Another Philadelphia-based writer, ESPN's Jayson Stark, knocked the ball out of the park:
It's now four days since the arrest of Brett Myers after one of the most public, most witnessed and -- if all those witness accounts are accurate -- most reprehensible examples of spousal abuse I can ever remember an athlete being accused of.

But I'm still waiting (as is the rest of the planet) for some evidence that it has dawned on Myers, or anyone on the Phillies, exactly what a horrendous job he and the team have done of handling everything -- everything -- related to this incident since.

It seems clear now that Myers, who already has made one start since his arrest, is going to make his second Thursday in Baltimore. Bad idea. Really, really bad idea.

Yes, Brett Myers has legal rights, as a citizen and as a baseball player. Yes, his team and his sport have an obligation to let the legal system play out before they discipline this man.

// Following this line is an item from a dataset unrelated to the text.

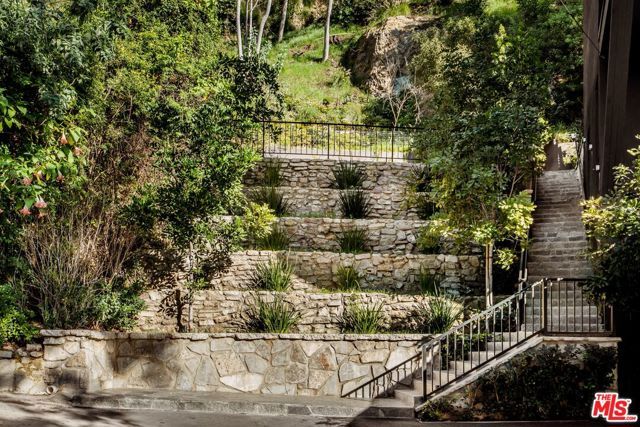 1782 Viewmont Drive, Los Angeles, CA 90069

But somebody needs to take charge of this situation. Somebody needs to sit down with Myers and make him understand the gravity of this mess.

Somebody needs to make him comprehend the irreparable damage he has a chance to do to his career if he really thinks the only thing he needs to say to the public is: "I gave it my all."

And once that sinks in (if it ever does), somebody needs to make him understand that he needs to miss a start -- or five -- to get his life together and to work on what really matters:

Demonstrating that he's a civilized human being who believes in treating the female half of the species with proper respect and decency.
Myers finally agreed to take a leave of absence through the All-Star break to deal with his situation, but the damage has been done. The Phils took four days to reach a conclusion that the rest of us reached in four seconds, reacting only when they were being all but burned in effigy. They get no points here.

And, on that note, neither do the Detroit Tigers, who are allowing Dmitri Young to proceed with a rehab assignment in Florida despite an outstanding warrant for his arrest in Michigan for failing to appear in court in conjunction with a domestic violence case of his own (he's "accused of choking a 21-year-old woman from Toledo on April 14 at a suburban Detroit hotel", according to the article). The two cases aren't parallel, but the Tigers appear to have their heads just as far up their asses as the Phillies do: "[Young's] lawyer, William Swor, and the Tigers have declined to comment about Young's whereabouts. Team president and general manager Dave Dombrowski has said the arrest warrant would not affect Young's status with the team."

Dombrowski has done an admirable job of turning the Tigers around; they're atop the Hit List yet again this week. But his handling of this situation is giving the team, and the game, a black eye. Young shouldn't be allowed back on the field until his legal situation is sorted out, and the Tigers should be held accountable by the criminal justice system and Major League Baseball for failing to comply with that. If Bud Selig can be bothered to speak up about Ozzie Guillen's running off at the mouth, he should have the sense to confront a much more serious issue where The Right Answer is glaringly obvious.

• Mea culpa: I'm not sure what I was thinking when I wrote this week's Red Sox entry for the Hit List and counted David Ortiz's homer off of Tom Gordon in the 2004 ALCS as a walk-off. He did end the game with a walk-off hit, of course, but it was a single off of Esteban Loaiza. Consider me punch-drunk on that particular matter, I guess.